Though older, limited edition pieces can seem impossible to find, that doesn’t mean they’ve disappeared completely. Much of the supply of the rarer earlier posters is sealed away in private collections.
What are Concert Poster Collectors Watching For?
Remember, the most desirable concert posters have never sold on the market.
The most desirable posters are from the earliest days of collecting. A small group of people holds and continues to hold the rarest and most valuable pieces in existence, even today. We’re now seeing them begin to emerge from the treasure chests of the original owners and land in the hands of people who want them badly. A few people have invested in and hidden away many of these grail pieces. Some of these items have not leaked out at scale at all to the collecting audience. We’re in such an early stage of the market that it’s very hard to determine what will be considered valuable in the long term.
Every band starts somewhere. The most iconic bands of all time started off playing in hole-in-the-wall venues for small crowds. Their shows were advertised with a small print-run of posters. For those iconic bands, while the collectibility of ANY of their posters can hold value, their earlier advertorial pieces are where the investors are. For instance, it seems unlikely that an auction would ever put up anything Nirvana’ that will sell for less $1000. There is high demand for the band’s pieces, as the band gets credit from so many for being the birth of the grunge band. The band’s instantly-recognizable MXP-79.1 Mudhoney poster in a CGC 9.6 sold in June, 2020 for $1,920 through PAE and a 9.4 sold in April of this year for $900 through ComicConnect.
Today, things have changed dramatically in the collectible climate. Once you’ve gotten to the modern era, you’ll see that there are huge dollar signs found in the small-run prints we see today. Concert posters have taken a turn into more limited-edition items in a similar way to sports cards and comic books; they created variants. For example, there are Tool posters that are ridiculously valuable because they’re a chrome edition with only 50 created, as opposed to 500 of the standard edition.
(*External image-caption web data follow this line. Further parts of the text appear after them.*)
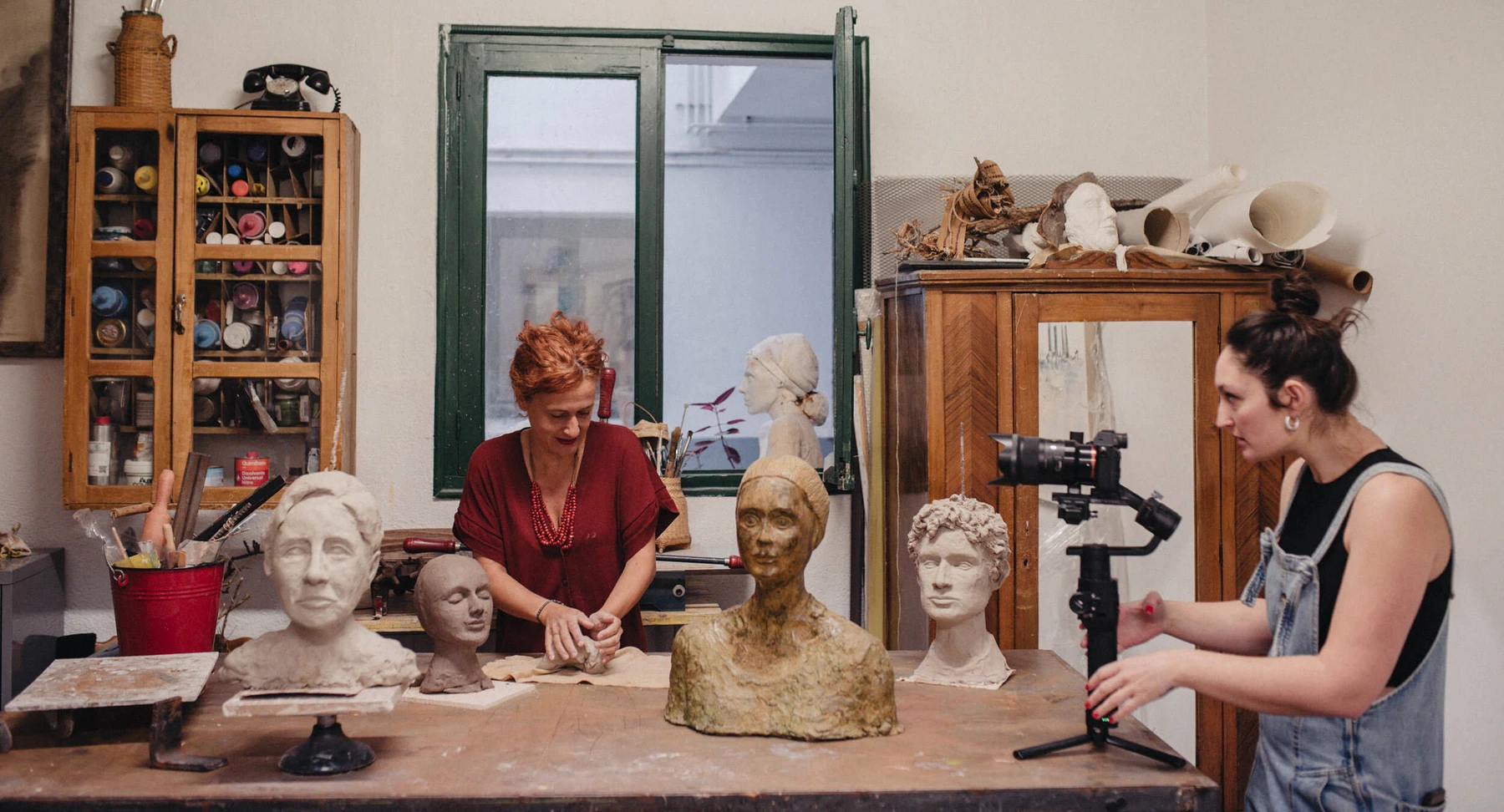 Image for: Open Studio – TuPatio Hall de artistas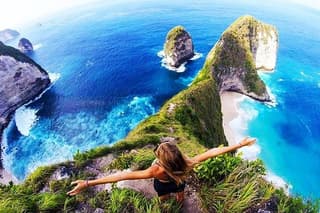 Full Day: VISIT 1 Day NUSA PENIDA ISLAND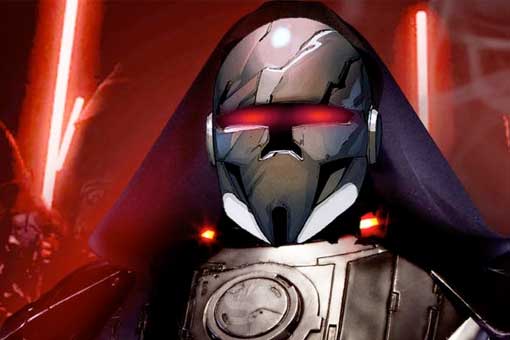 sith lord momin star wars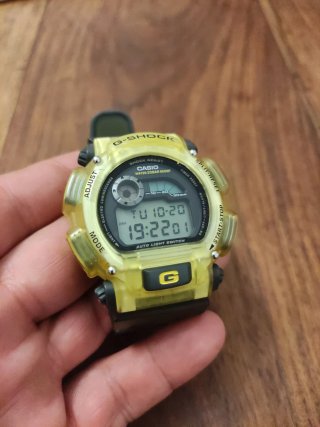 Reloj Casio G-Shock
In this era, though, there are only a handful that are desirable according solely to monetary value.
Looking for a way to get a leg in the door? Newbies will find that the punk-metal and hip hop stuff from the mid-80s/early 90s is a great place to begin. Also, as of right now, pieces are very affordable, in most cases.
In addition, there is a built-in core audience for this style of music. Early hip-hop art like Run DMC or NWA posters are only going to climb. One might even (humbly) call hip hop the new rock and roll. In another 20 years, those concerts will have changed from 30 to 50 years ago. Then, those are the items that will continue to be sought after and grow.
In terms of things that are actively sold on the market, you’re most likely to see Bill Grahams and Family Dog. The practice is still too new and too varied to determine definitively what sells regularly. We should get a better idea as the years pass. And in the meantime, our Concert Poster Price Guide is a great resource for checking out the FMV and recent sales of pieces that interest you as you expand your collection into a treasure trove.